Lunedì, 26 ottobre 2009 - 06:56:00


Jose Mujica

In Uruguay l'ex leader della guerriglia di sinistra Tupamaro, Jose Mujica, è in testa alle Presidenziali. Difficilmente, però, Mujica, che ha 74 anni, supererà il 50% che gli avrebbe consentito di evitare il ballottaggio (il 29 novembre) con lo sfidante più accreditato, l'ex presidente conservatore Luis Lacalle. Il vantaggio di 'Pepe' Mujica è stato certificato da diversi istituti demoscopici citati dai media uruguayani. Non altrettanta certezza c'è sul fatto che il Frente Amplio, la coalizione di centro-sinistra al governo in Uruguay, possa ripetere il successo al primo turno ottenuto nel 2004. Anzi, è probabile che il candidato presidente, l'ex tupamaro Jose 'Pepe' Mujica sia costretto al ballottaggio.

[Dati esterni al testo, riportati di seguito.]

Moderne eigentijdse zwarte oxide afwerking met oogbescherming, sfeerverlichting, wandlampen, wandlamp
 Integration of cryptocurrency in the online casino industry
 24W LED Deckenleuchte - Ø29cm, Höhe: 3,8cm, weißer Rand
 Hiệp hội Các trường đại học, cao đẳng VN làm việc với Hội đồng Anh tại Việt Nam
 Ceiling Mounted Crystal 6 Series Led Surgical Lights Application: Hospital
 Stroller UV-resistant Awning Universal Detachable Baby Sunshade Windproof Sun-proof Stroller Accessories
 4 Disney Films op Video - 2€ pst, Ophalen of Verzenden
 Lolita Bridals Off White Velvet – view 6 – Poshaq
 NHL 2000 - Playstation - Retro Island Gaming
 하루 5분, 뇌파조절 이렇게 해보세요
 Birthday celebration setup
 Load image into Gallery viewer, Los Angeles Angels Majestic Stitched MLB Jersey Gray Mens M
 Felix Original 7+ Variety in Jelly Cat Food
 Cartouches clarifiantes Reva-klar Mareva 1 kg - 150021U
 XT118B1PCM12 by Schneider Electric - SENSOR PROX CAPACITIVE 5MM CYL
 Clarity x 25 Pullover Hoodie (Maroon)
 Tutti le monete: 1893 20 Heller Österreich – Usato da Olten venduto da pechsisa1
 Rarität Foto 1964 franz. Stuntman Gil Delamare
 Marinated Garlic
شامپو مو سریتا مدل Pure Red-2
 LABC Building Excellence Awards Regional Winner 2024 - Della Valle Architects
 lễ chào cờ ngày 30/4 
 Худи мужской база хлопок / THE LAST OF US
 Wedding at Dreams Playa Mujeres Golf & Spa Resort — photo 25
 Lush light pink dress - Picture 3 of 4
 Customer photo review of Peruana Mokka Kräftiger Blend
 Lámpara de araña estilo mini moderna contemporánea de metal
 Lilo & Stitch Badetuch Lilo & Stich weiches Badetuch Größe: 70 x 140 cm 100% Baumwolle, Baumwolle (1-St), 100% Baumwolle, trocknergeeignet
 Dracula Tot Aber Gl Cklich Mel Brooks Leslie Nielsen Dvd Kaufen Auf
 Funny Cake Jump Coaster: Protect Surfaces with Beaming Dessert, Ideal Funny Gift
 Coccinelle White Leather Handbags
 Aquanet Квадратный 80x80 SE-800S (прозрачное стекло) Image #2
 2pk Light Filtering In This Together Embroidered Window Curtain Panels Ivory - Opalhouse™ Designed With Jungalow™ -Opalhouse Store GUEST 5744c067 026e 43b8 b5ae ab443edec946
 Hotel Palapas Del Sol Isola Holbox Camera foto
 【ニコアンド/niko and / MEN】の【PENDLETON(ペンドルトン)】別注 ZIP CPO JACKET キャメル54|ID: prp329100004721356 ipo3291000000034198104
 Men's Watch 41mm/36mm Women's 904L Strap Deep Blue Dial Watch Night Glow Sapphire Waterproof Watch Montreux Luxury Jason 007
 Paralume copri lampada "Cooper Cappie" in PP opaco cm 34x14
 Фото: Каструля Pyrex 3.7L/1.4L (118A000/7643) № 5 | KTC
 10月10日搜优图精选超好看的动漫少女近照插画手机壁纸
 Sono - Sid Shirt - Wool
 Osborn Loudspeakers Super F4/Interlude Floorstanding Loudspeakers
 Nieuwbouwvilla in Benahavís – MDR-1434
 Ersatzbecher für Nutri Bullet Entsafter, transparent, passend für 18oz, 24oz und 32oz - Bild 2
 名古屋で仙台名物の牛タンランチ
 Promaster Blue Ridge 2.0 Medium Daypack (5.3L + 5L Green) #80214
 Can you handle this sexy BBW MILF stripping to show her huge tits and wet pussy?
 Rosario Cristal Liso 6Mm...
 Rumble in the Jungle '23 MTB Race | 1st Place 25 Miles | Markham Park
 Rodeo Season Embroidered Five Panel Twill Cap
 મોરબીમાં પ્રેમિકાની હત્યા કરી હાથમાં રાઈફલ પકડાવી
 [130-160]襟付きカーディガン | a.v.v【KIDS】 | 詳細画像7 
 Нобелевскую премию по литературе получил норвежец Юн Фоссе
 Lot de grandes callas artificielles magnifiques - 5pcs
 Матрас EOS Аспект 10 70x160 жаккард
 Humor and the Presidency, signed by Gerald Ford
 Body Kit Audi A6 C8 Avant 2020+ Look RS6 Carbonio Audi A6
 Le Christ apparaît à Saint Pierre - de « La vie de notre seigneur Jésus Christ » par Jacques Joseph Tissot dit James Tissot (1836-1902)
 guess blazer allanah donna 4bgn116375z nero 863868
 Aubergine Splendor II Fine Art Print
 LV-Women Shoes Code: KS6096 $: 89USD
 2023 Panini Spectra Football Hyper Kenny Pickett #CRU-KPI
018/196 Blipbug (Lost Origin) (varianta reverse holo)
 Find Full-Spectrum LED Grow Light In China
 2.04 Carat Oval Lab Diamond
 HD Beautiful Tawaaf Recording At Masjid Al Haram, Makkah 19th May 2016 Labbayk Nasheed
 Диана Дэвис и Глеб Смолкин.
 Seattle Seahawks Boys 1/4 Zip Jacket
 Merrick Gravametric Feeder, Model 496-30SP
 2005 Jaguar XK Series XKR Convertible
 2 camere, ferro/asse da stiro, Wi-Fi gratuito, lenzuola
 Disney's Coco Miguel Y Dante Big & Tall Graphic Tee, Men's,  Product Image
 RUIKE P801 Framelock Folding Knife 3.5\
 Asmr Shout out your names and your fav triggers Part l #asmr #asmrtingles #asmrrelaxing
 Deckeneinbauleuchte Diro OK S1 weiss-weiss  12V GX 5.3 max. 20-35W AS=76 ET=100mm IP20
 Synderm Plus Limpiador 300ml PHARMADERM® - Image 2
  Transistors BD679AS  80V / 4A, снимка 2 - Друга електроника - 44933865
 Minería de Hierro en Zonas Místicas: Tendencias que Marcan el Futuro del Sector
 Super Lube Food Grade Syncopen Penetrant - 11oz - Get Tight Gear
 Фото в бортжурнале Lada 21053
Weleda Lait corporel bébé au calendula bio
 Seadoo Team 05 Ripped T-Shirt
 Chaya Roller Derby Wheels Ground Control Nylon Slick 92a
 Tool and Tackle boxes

Alle 20.30 locali, le 23.30 in Italia, un'ora dopo la chiusura dei seggi, i diversi istituti demoscopici citati dai media uruguayani coincidevano nel valutare che il Frente Amplio si avvicina al 50% dei voti necessario per ripetere il suo successo di cinque anni fa, ma con un margine di errore fra l'1 e il 2%, che risulterebbe cruciale per il risultato finale.

Gli stessi sondaggi indicano un risultato contro tendenza riguardo ai due referendum per i quali si è votato: sarebbe abrogata la cosidetta legge di caducità penale - che proibisce azioni penali contro poliziotti e militari per le violazioni dei diritti umani durante la dittatura (1973-1985), mentre invece risulterebbe bocciata la proposta di permettere il voto postale dei residenti all'estero.

Nella capitale Montevideo, dove vota circa il 40% degli iscritti, l'affluenza al voto ha superato l'80% degli aventi diritto. Secondo il politologo Alfonso Lessa, se effettivamente il Frente Amplio si avvicina al risultato del 2004 (50,25% dei voti) questo dato "renderebbe praticamente impossibile allo sfidante del Partido Nacional di avere una possibilità reale di vittoria al ballottaggio".

I sondaggi prima della votazione attribuivano a Mujica fra il 44 e il 46% dei voti e al candidato del Partido Nacional, Luis Alberto Lacalle, fra il 34 e il 36%, ma se il primo sembra aver superato queste previsioni, il secondo invece si manterrebbe sui livelli anticipati dalle inchieste demoscopiche. Questo sarebbe dovuto, secondo le prime valutazioni degli exit poll, a un recupero della seconda formazione dell'opposizione, il Partido Colorado, che otterrebbe oltre il 12% dei voti, dopo il record negativo dell'8% nel 2004.